For restaurant owner John Landes, there was a challenge to make his Bay Burger on the Sag Harbor-Bridgehampton Turnpike a nexus for the various groups that make up the local community.
Together, after meeting through a mutual friend over Thanksgiving dinner, they decided that the casual restaurant would make a perfect venue to bring musicians together, as well as those that appreciate an evening of freewheeling and frequently unexpected music.
“I had been looking a long time for a venue for a jam session when I met John,” said Mr. Brondal in an interview this week. “We started talking about a Hamptons jazz festival and said we should start small.”
That’s when the idea of doing weekly Thursday night jams at Bay Burger got started.
“We just thought we’d take the temperature of the community,” said Brondal.
Going into the fourth week of the session tonight, Thursday, it appears that the temperature is pretty hot —Â or cool, as the case may be.
Each week has seen some growth in the audience, and each week sees new performers showing up to play, said Mr. Landes.
 “It’s attracting the musicians, and that’s what we wanted to do,” he said, adding the evenings’ music ranges widely, from jazz to folk to funk and Latin.
“Right now it’s pretty much free form,” he said. “The music works very well in the room, as it’s not necessarily rock.”
The restaurateur, whose daughter and son-in-law Joe and Liza Tremblay, really run the place, said they had been experimenting with music since last year, and regularly featured local bands and performers, such as Jim Turner and Leroy Klavis.
“We’re outside the village and trying to find ways of putting Bay Burger on the map,” said Mr. Landes. “We’re trying to establish an identity for Bay Burger, and music is one of the ways to do that.”
“I’ve always been a music nut,” said Mr. Landes, who remembers visiting a number of local sites for live music, including Stephen Talkhouse and even the concerts at Long Beach during the summer.

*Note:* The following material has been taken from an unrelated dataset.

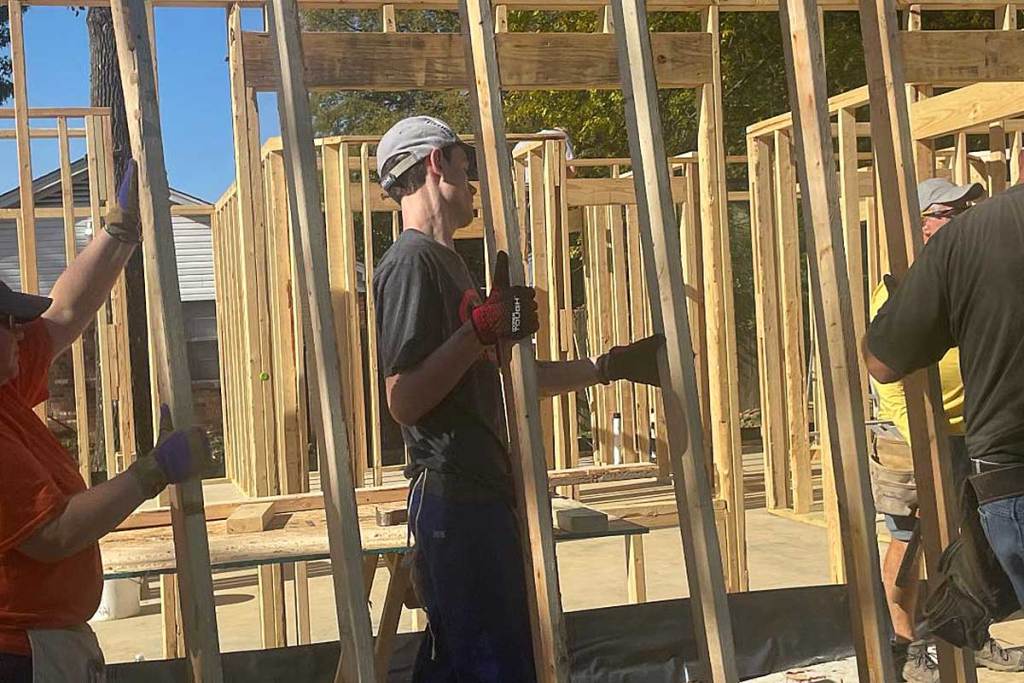 People move support structures of a house together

He went around searching for local bands, and said that while the restaurant featured music on a regular basis last year, they “wanted a more consistent house band.”
Mr. Landes gives most of the credit to Mr. Brondal who, he said, set it all up.
“He was the one who reached out to the musicians,” said Mr. Landes.
In February, Mr. Brondal sent out an excited email to friends and musicians telling them about the new venue and soliciting ideas. It would be, he promised, not an open mike night, but a “good ol’ jam session where musicians can practice their craft, try new compositions, new ideas, free style rap over the Sidewinder beat, take a leap of faith, solo over odd chord changes and signatures.”
His solicitation was successful, and now he says each night features about 10 or 15 musicians anxious to sit in and experiment.
“It’s all inclusive,” he said, “but you have to be able to play and interact with other people.”
“Right from the get go we had a full house,” he said, and now we’re getting musicians from as far away as Sayville.” The nearest place with anything like what is going on at Bay Burger is in Levittown, said Mr. Brondal.
For his part, he credits the Bay Burger owner with making the scene happen.
“John Landes believed in the combination of burgers and jazz,” said Mr. Brondal. “He’s creating a cradle of arts, music and poetry.”
Indeed, even Mr. Landes’ own staff gets in the act. Willie Jenkins, a line cook will often come from behind the counter and put in his own, original freestyle rap with the musicians.
“So it’s also a marriage of music and spoken word,” said Mr. Landes.
Noting his location on the turnpike, Mr. Landes said, “We’re at the crossroads, trying to bring two communities together. We’re trying to establish our identity and see where it goes.”
The Thursday night jam sessions at Bay Burger begin approximately at 7 p.m.